James Swift: Swift @ The Movies: 'The Beekeeper' Gives You A Buzz

James Swift: Swift @ The Movies: 'The Beekeeper' Gives You A Buzz

January 19 – The 1980s saw many great action titles.

"The Terminator". "Predator". "Order". Of course, the good ran out after a while. Until the mid-1990s they had to settle for boring nicknames like "The Breaker" and "The Specialist".

As our movie of the week shows, I think we're officially out of action titles. I don't know about you, but when I walk into a theater that says The Beekeeper, I don't expect a marathon with car chases and lots of karate fights. .

It's a real shame because this new Jason Statham car hasn't aged as well as it appears in modern photos.

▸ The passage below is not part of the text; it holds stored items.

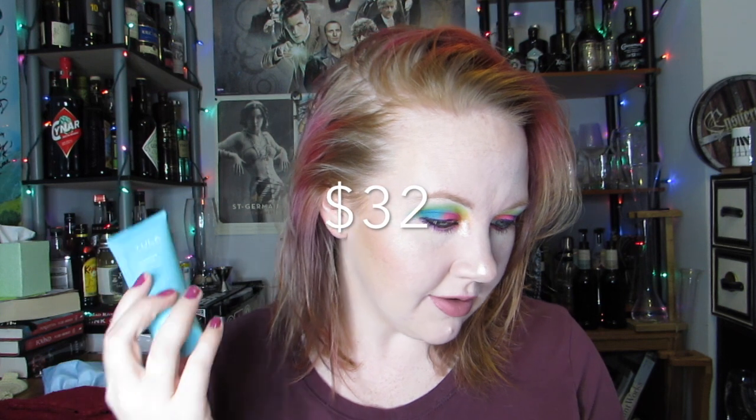One of my five products is the Tula Skincare So Polished Exfoliating Sugar Scrub, retailing at $32. It's a face scrub — another exfoliator for the rotation. Made with natural sugar particles, it helps buff away excess oil and dead skin cells without stripping or irritating your skin. Packed with probiotics and superfoods like sugar, pineapple, and papaya to soften, brighten, and renew your complexion.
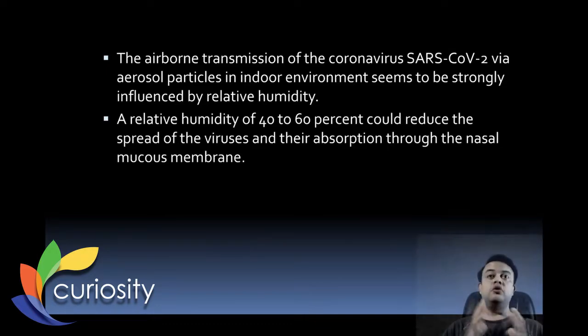The airborne transmission of SARS-CoV-2 via aerosol particles in indoor environments seems to be strongly influenced by relative humidity. A relative humidity of 40–60% could reduce the spread of viruses and their absorption through the nasal mucous membrane. As humidity increases, spread of viruses is less. In North India — especially Punjab — humidity is very high in August and September, but decreases by October, which may affect COVID-19 transmission.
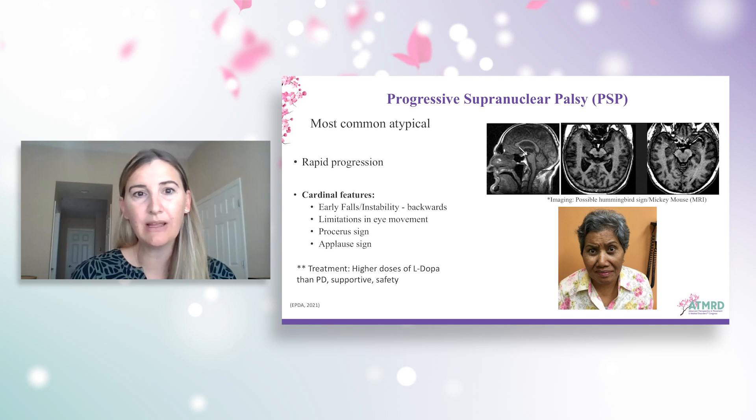Some clinical features in the presentation might include the prosera sign — a particularly worried facial expression — which you can see demonstrated in the image here. This is a clinical diagnosis, same as all the other Parkinsonisms. However, imaging can be supportive. On MRI, we might see the hummingbird sign, demonstrated here in the midbrain. Treatment usually involves higher doses of levodopa; these patients do tend to respond better than some of the other atypicals, but may require higher doses. Supportive therapy such as rehabilitation is also important for fall prevention, swallowing challenges, and patient safety.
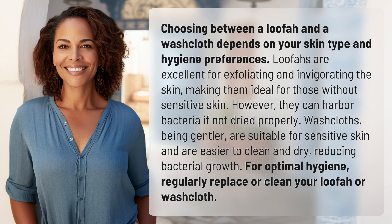Loofahs are excellent for exfoliating and invigorating the skin, making them ideal for those without sensitive skin. However, they can harbor bacteria if not dried properly.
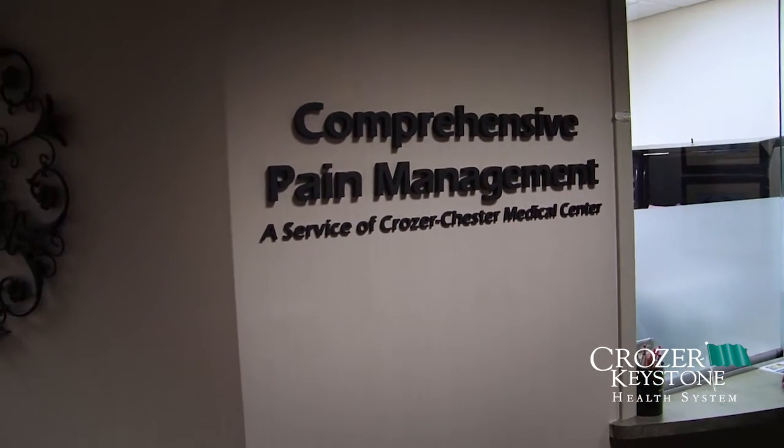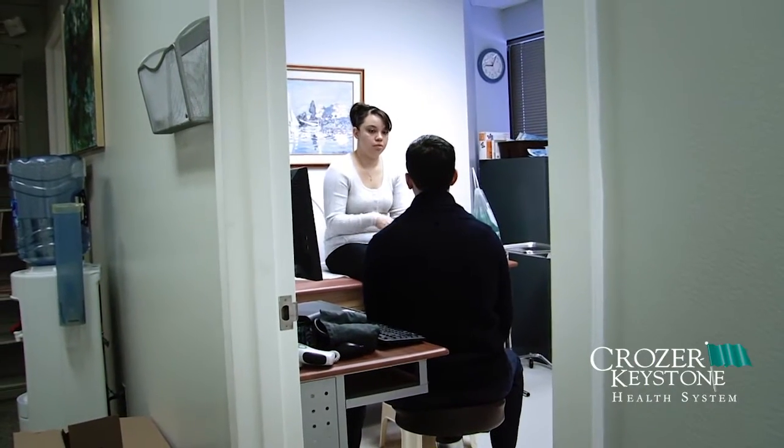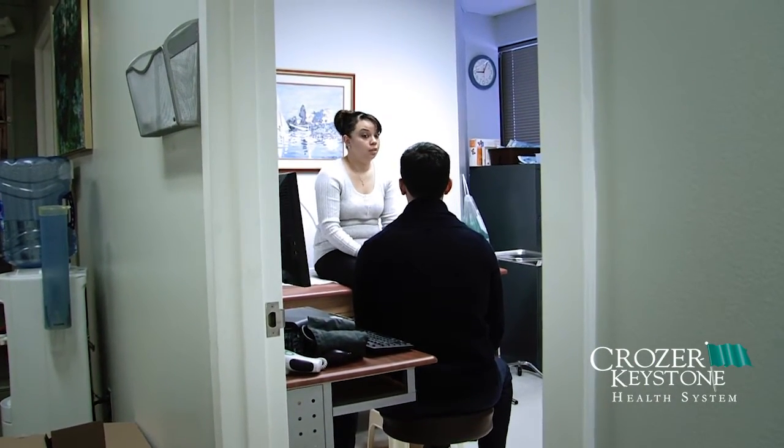We do have some higher level procedures that we do for patients that are more complicated, like spinal cord stimulation and lumbar discography. Patients may have had back surgery in the past that was successful for a period of time and then the pain came back. We may have done epidural steroid injections and used medications to try to facilitate healing, but the patients still are experiencing burning, shooting, stabbing pains down their arms or legs from a nerve root compression or nerve injury.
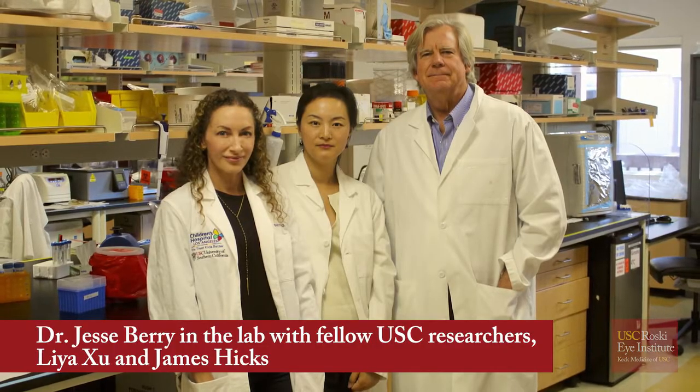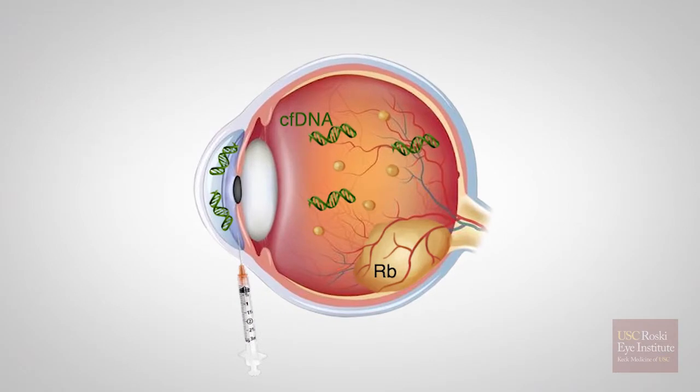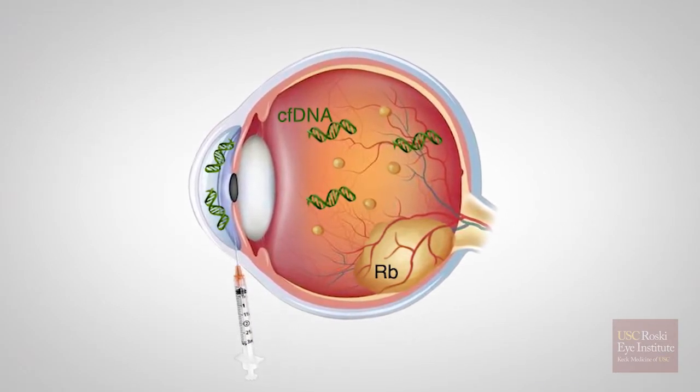You can't say, okay, these are the genetic changes — did the cancer respond to X or Y treatment? We've been doing an innovative new thing. Instead of taking the tumor, we've been able to take clear fluid from the front of the eye called aqueous humor. We searched to see if there's tumor DNA in the aqueous — fingers crossed — and there is. So for the first time ever, in eyes that are being treated, in eyes that have not been removed, we now have access to tumor DNA.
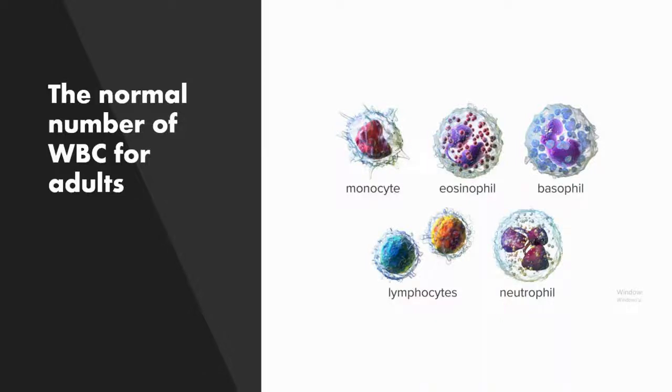Let's talk about the normal number of white blood cells for adults. White blood cells are monocytes, eosinophils, basophils, lymphocytes, and neutrophils.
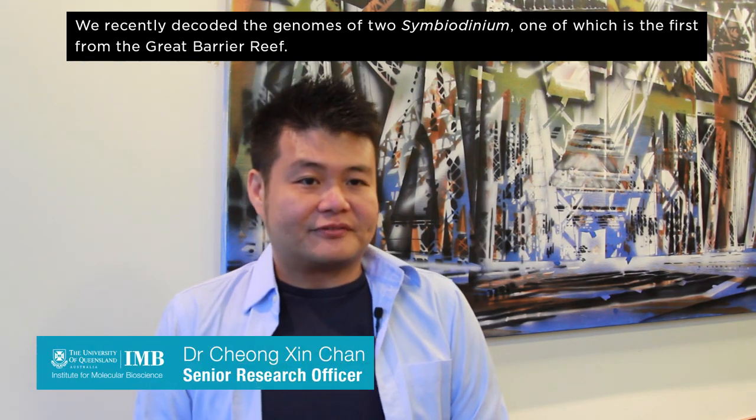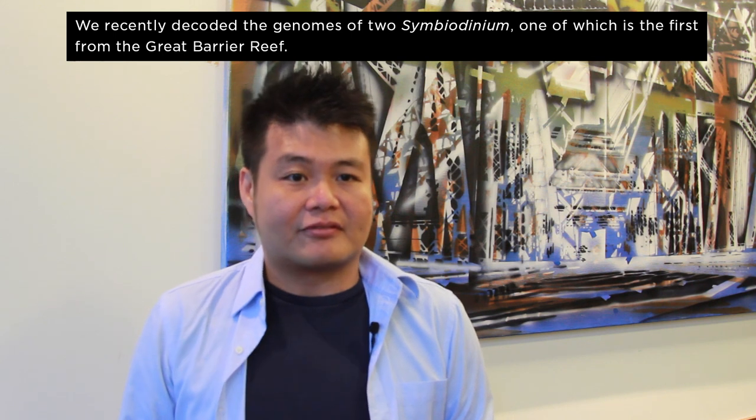We recently decoded the genomes of two symbiodinium, one of which is the first from the Great Barrier Reef.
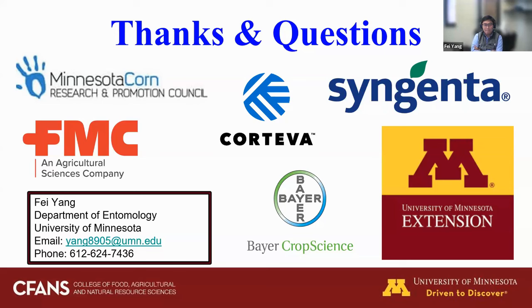Question: has insecticide resistance been documented for corn rootworm species? For western corn rootworm, many studies have documented resistance to carbamates, organophosphates, and pyrethroids. Resistance to Bt proteins — which are also considered insecticides — has been widely documented for all cry Bt proteins in western corn rootworm. For northern corn rootworm, information is more limited — we haven't seen many studies reporting resistance, especially to Bt proteins, so northern corn rootworm seems to still be largely susceptible.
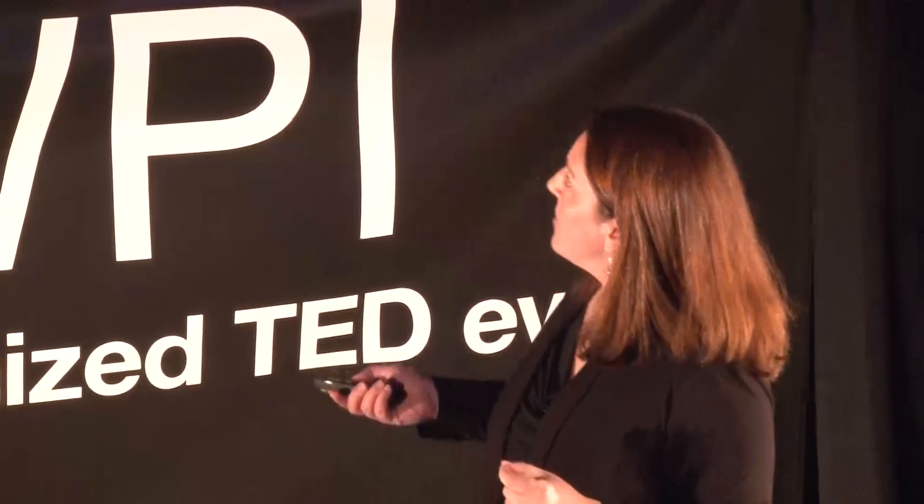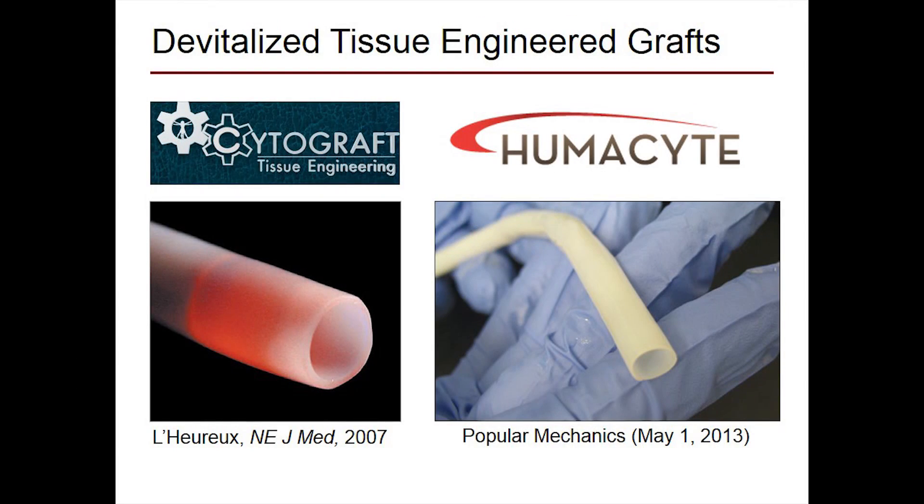One of the most recent advances is that Cytograft and another company, Humacyte, have found they can make these artificial blood vessels and then strip the cells out. The material the cells have made is strong enough to withstand arterial pressures, and now that the cells are removed, all the elements that would lead to rejection are gone. They've got a material much closer to something that could be pulled off the shelf — like Gore-Tex grafts — but with added biological functionality. The holy grail — an artificial graft for coronary artery bypass — hasn't been achieved yet, but this is a very rapidly developing field.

My favorite thing about the entire film is probably the premise. In the 2000s we saw several new vigilante films about children fighting sex trafficking. Then, in the 2010s, criminals turned to opioid trafficking. Well, The Beekeeper has a kind of movie villain I don't think I've ever seen before: twenty-something call center scammers who want to scam seniors out of their online banking passwords.

I guess it was supposed to happen one day. I think this movie is as close as you can get to a movie about Charles Bronson's character declaring solo jihad against phishers.

You don't expect much plot in a movie like this and you get almost all of the main story points within the first 20 minutes.

The owner beekeeper then rents the stable of a friendly retired professor. One day he gets a call from a scammer and, what do you know, he accidentally distributes online memberships for a $2 million charity. I'm not going to go out on a limb and tell you exactly what happened to him, but as our hero spends the next 70 minutes setting tech companies on fire and throwing unscrupulous cryptocurrency traders into watery graves, I think you can fill in all the blanks. . . No problem. I say

There are cases that have happened, but it's a convenient excuse for why Statham was never arrested, even when 80 witnesses saw him elbow the head of an online startup in the esophagus. Apparently, the "Beekeepers" are a highly secret organization that "disappears" without leaving a trace of people who threaten national security.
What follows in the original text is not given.